Het experiment vond plaats in België, waar de partijleider een nog zwaardere functie is dan in Nederland. De partijleider is namelijk ook voorzitter van de partij. In Nederland zijn de twee functies vaak gescheiden.[1] Als leiderschapsverkiezingen er toe doen, zouden ze dus nog belangrijker moeten zijn in België dan in Nederland.
De resultaten spreken voor zich: er zijn geen significante verschillen tussen de blauwe balkjes (conditie waarbij leden de voorzitter kiezen) en de oranje balkjes (conditie waarbij het partijbestuur bepaalt wie de partijleider wordt), en dit geldt zowel voor rechtse partijen (R) als voor linkse partijen (L). Met andere woorden, partijen die hun voorzitter door de leden laten kiezen genieten niet meer vertrouwen van de kiezer en zijn ook niet aantrekkelijker om voor te stemmen of om lid van te worden.
Hoe kunnen we dit non-effect verklaren?
Onze verwachtingen op basis van de ‘procedural fairness’-theorie zijn dus niet bevestigd. Hoe kunnen we dat nu verklaren?
We kunnen eerst en vooral verwijzen naar de ‘procedural fairness’-theorie zelf die een effect verwacht bij burgers die direct betrokken zijn bij een besluitvormingsproces. Dat is niet het geval bij partijleidersverkiezingen waarbij wel partijleden, maar niet alle burgers betrokken zijn. Het zou dus nog altijd kunnen dat partijleidersverkiezingen wel een effect hebben op huidige partijleden of op de partijleden die hun stem uitbrengen (bijvoorbeeld om hen langer aan boord te houden).
Voor andere verklaringen kunnen we verwijzen naar de specifieke Belgische context, waar nagenoeg alle partijen de voorzitter laten verkiezen door de leden. Mogelijk beschouwen vele burgers dit als een standaardpraktijk, waardoor partijen die dit organiseren niet meer opvallen. Anderzijds zijn er in Belgische partijen vaak voorzittersverkiezingen geweest met maar één kandidaat. Het zou kunnen dat vele burgers daardoor een partijleidersverkiezing door de leden niet echt beschouwen als een faire en democratische procedure. En vandaar dat er ook geen effect is.

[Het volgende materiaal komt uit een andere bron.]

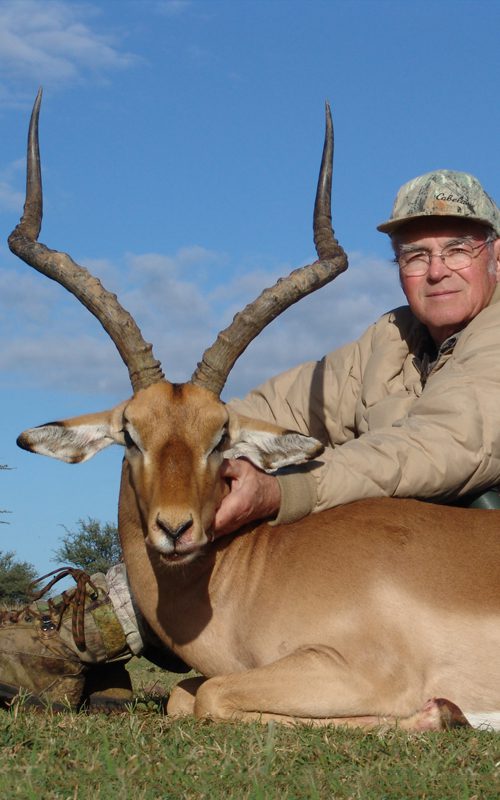 Lategan Safaris – Gallery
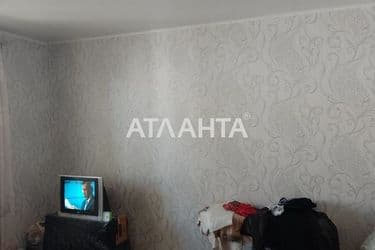1-room apartment apartment by the address st. Kudryashova Krupskoy (area 37 m²) - Atlanta.ua - photo 21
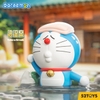 [Hộp Mù] BlindBox DORAEMON TAKE A BREAK Blindbox Series của 52Toys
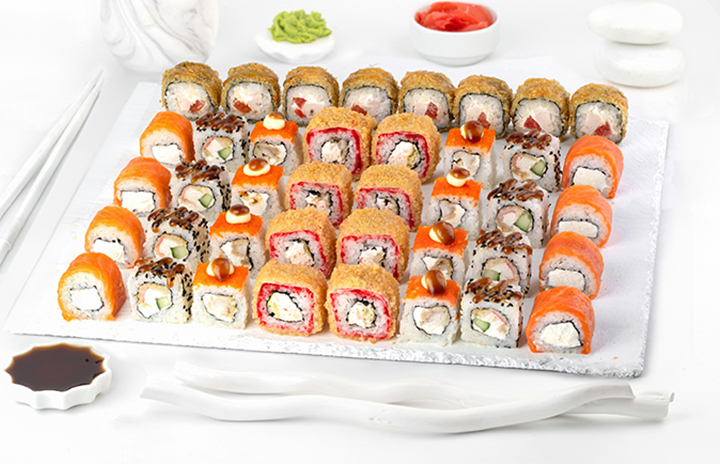 Купеческий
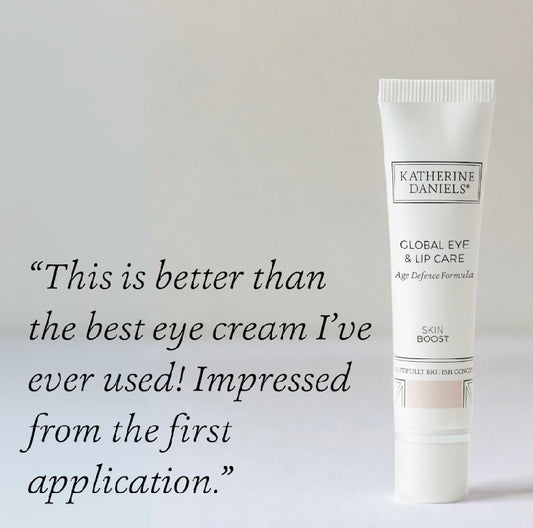 Global Eye & Lip Care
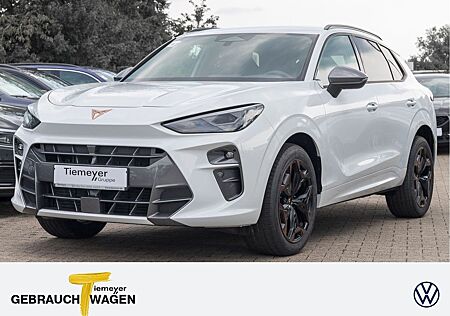 Cupra Terramar 1.5 eTSI DSG LM19 HuD AHK KAMERA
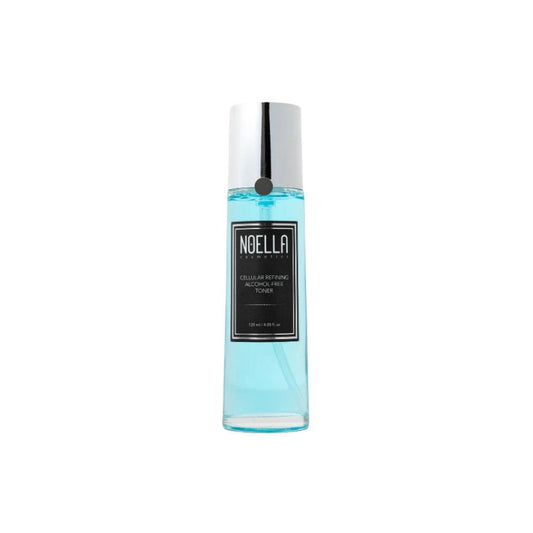 Noella Cellular Refining Alcohol-Free Toner 120ml נואלה טונר לפנים - GLAM42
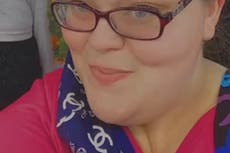 Misisipí: Secuestran y disparan a conductora de Lyft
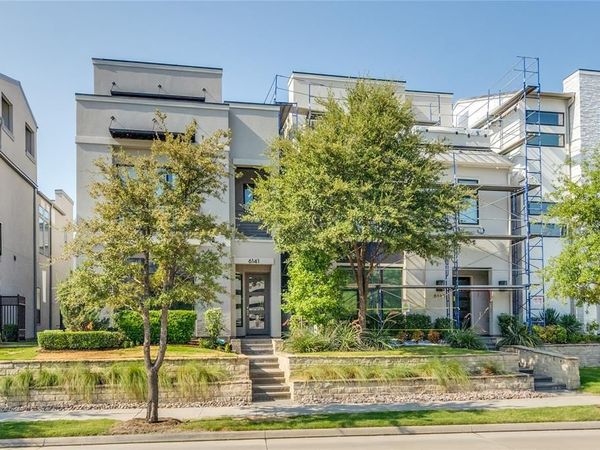 6141 Preserve Drive, Plano, TX 75024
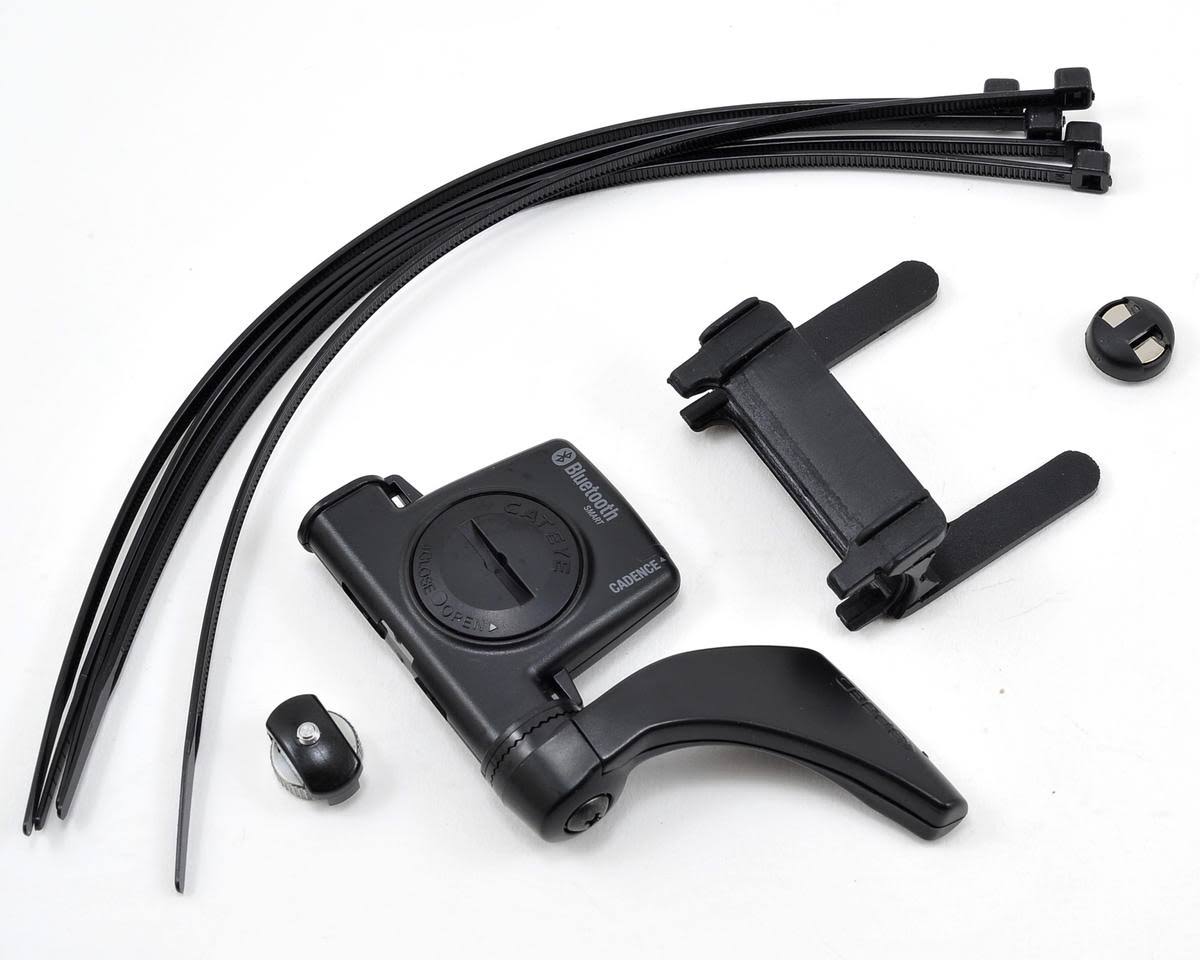 Cateye Strada Smart Cycling Computer C467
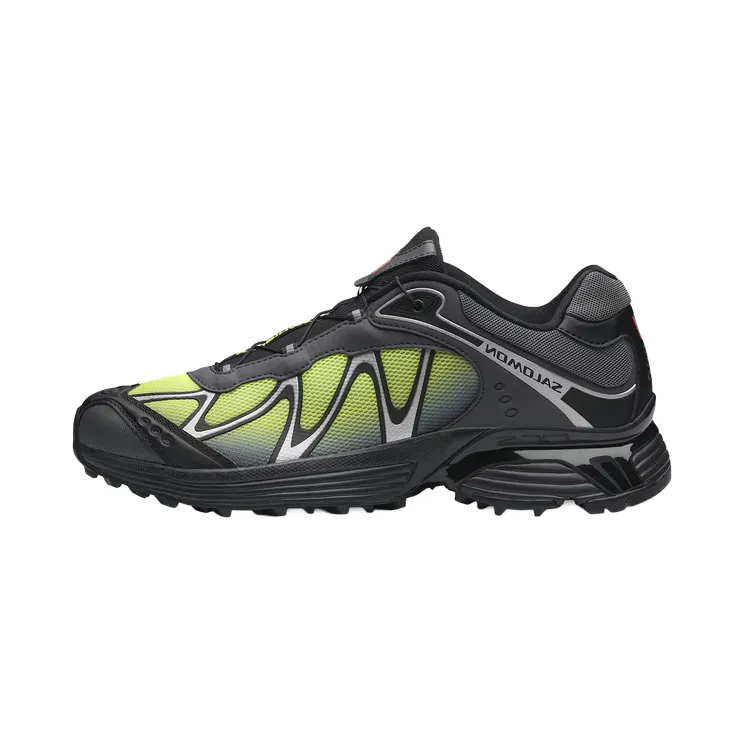 Salomon XT-Whisper “Black Asphalt” (L49230-300)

Een laatste mogelijke verklaring is dat enkel een wijziging in wie de leider mag kiezen de nodige aandacht krijgt en effecten teweeg brengt. De meeste Belgische partijen hebben al in de jaren ’90 partijleidersverkiezingen door de leden ingevoerd, en zijn deze systematisch blijven gebruiken. Ons onderzoek heeft evenwel aangetoond dat ze daar geen directe voordelen meer uit halen.
Afbeelding: Bron (CC2.0)
[1] De partijleider is het politieke gezicht in Den Haag; de partijvoorzitter richt zich vooral op de partij als organisatie en op de politieke koers op de lange termijn.
Ronald Heijman zegt
Een voorzitter kiezen door de leden binnen een ledenpartij, zal vooral de bestaande leden tevreden stellen en respect voor de de uitslag genereren. Daarvoor was ook de verkiezing bedoeld. Dat nu werd juist niet onderzocht.